I am currently implementing a libc for fun and profit. Part of that is obviously a square root function. On most systems, this can be implemented by just running the correct opcode, since it is usually implemented in hardware. However, not all of the platforms in my current list necessary have an FPU, or a hardware square root instruction. On PowerPC, for example, FPU is optional, and even where present, the platform might be an old one from back before fsqrt was part of the FPU category, and might just not implement it. Also, I don't want to hamper future porting efforts by requiring a hardware square root.
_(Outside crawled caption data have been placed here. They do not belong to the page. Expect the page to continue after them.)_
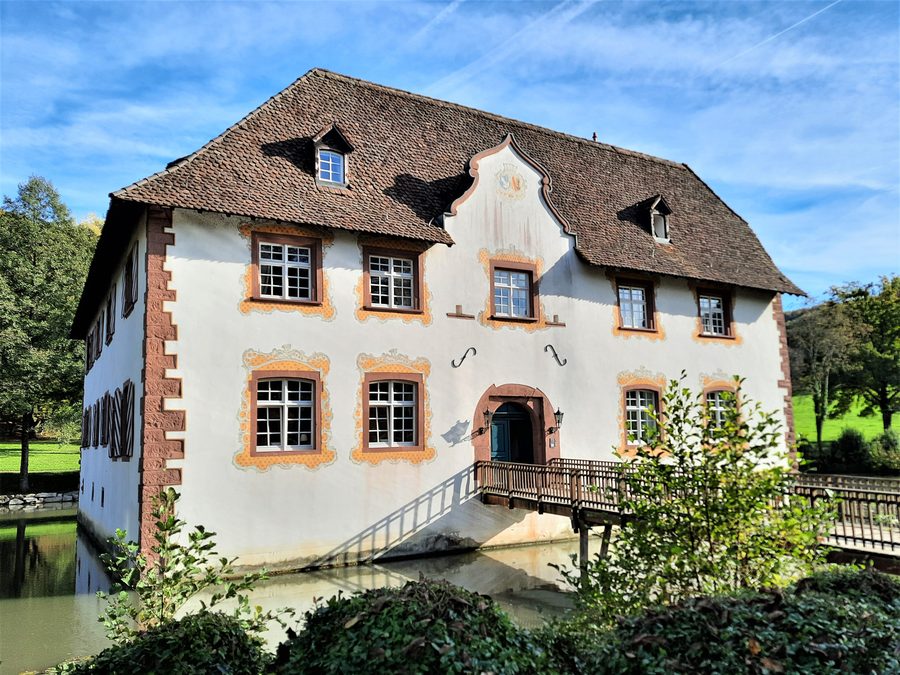 Wasserschloss Inzlingen von Norden gesehen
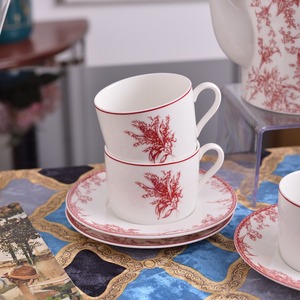 Ensemble de thé et de café en céramique rouge minimaliste 15 pièces, en porcelaine fine, pour la décoration intérieure et l'usage domestique – Vente chaude - Product Image 4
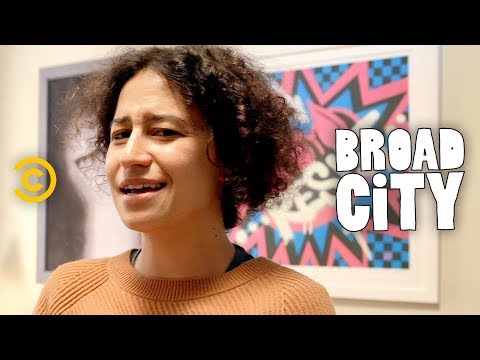 Broad City Set Tour: Ilana Glazer Shows Off Her Character’s All-Activist Apartment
So a software square root must be part of a complete libc. As far as I can tell, the currently favored algorithm for that is the Goldschmidt algorithm. According to Wikipedia, it calculates the square root of a number s like this:
Code: Select all
init:
b = s
t = estimate of 1/√s
x = s*t
iterate:
b *= t²
t = (3 - b) / 2
x *= t
I looked at Goldschmidt's paper, but that doesn't even talk about the square root. It talks about round-off error, but since I cannot understand how the algorithm was adopted to a square root, I also don't know how that section relates to my quest. I also tried to answer the question myself by starting with t = (1 + ε)/√s and going from there, but that only got me stuck with a huge expression continuously getting larger and never quite looping.
I also tried asking ChatGPT, but it only told me about the Babylonian method, but kept insisting that was the Goldschmidt algorithm.